BRIEF> Locate "STEM-Themed Vector Illustration" in the data below, then output the line it is on and all following lines through the last, word for word. Skip any pictures.

SUPPLIED MATERIAL>

━━━━━━

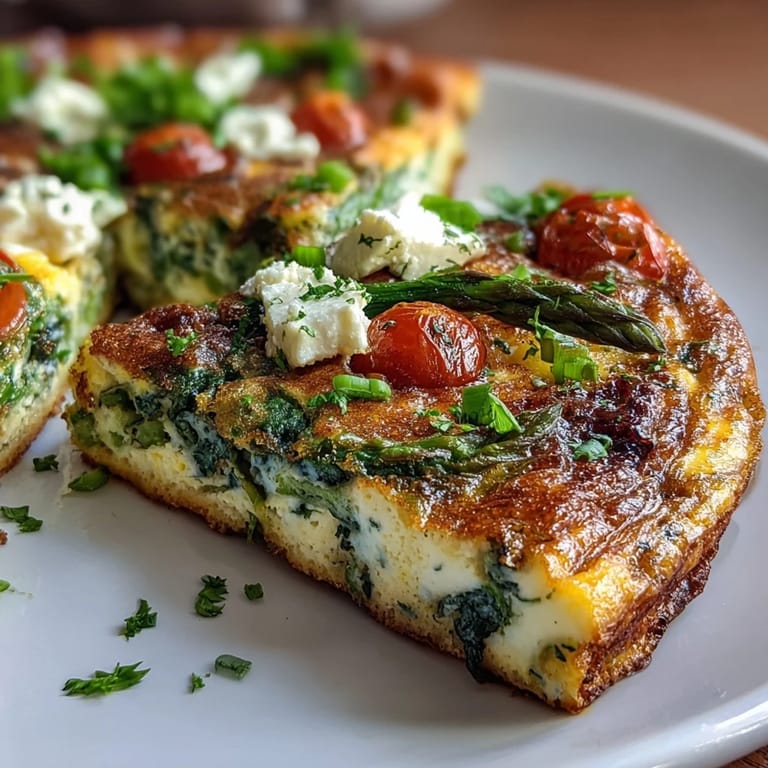 Protein-packed Healthy Easy Spring Veggie Frittata loaded with seasonal vegetables, herbs, and creamy feta, perfect for a light lunch or breakfast.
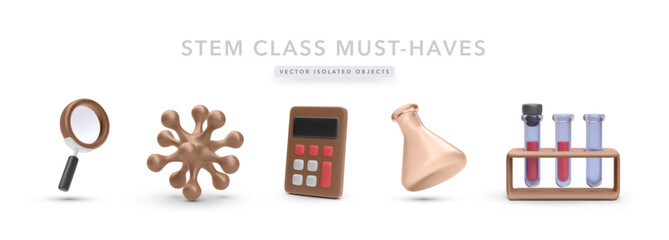 STEM-Themed Vector Illustration Featuring Magnifying Glass, Virus Cell, Calculator, Flask, and Test Tubes. Great for Science Education, Lab Projects, and School Materials.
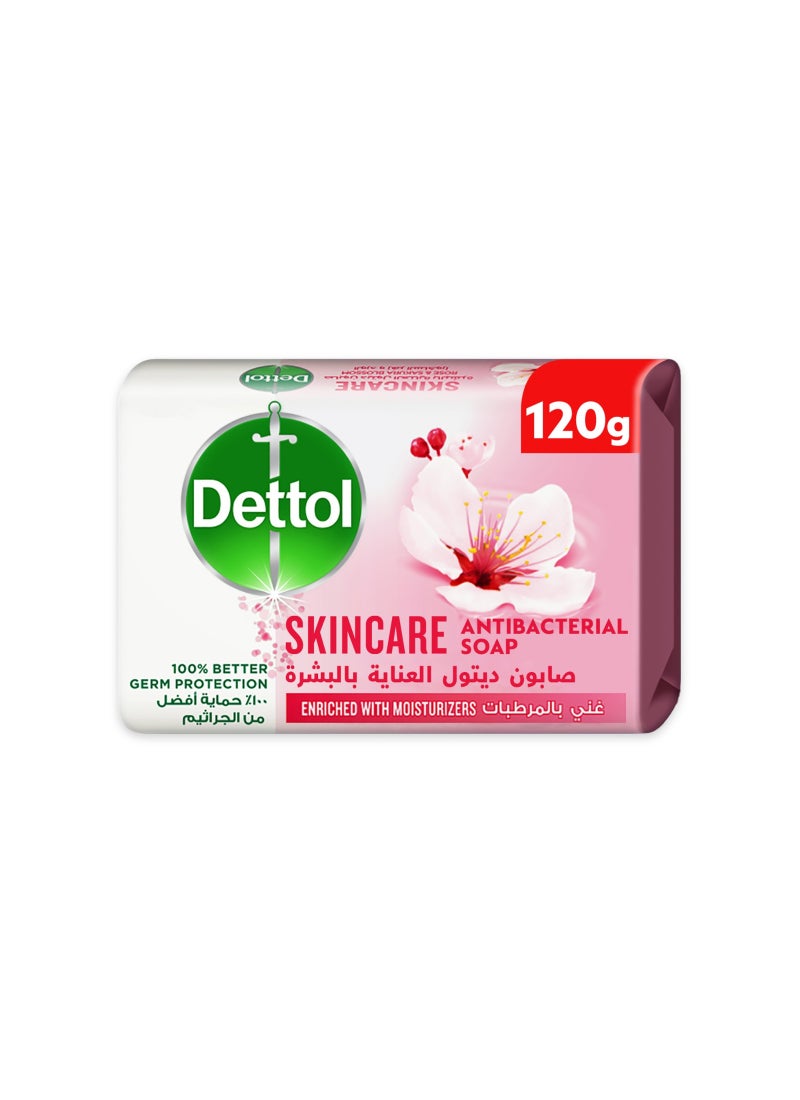 Dettol Skincare Anti-Bacterial Bathing Soap Bar Rose And Sakura Blossom Fragrance 120grams - Image 1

━━━━━━

TASK ANSWER>
 STEM-Themed Vector Illustration Featuring Magnifying Glass, Virus Cell, Calculator, Flask, and Test Tubes. Great for Science Education, Lab Projects, and School Materials.
 Dettol Skincare Anti-Bacterial Bathing Soap Bar Rose And Sakura Blossom Fragrance 120grams - Image 1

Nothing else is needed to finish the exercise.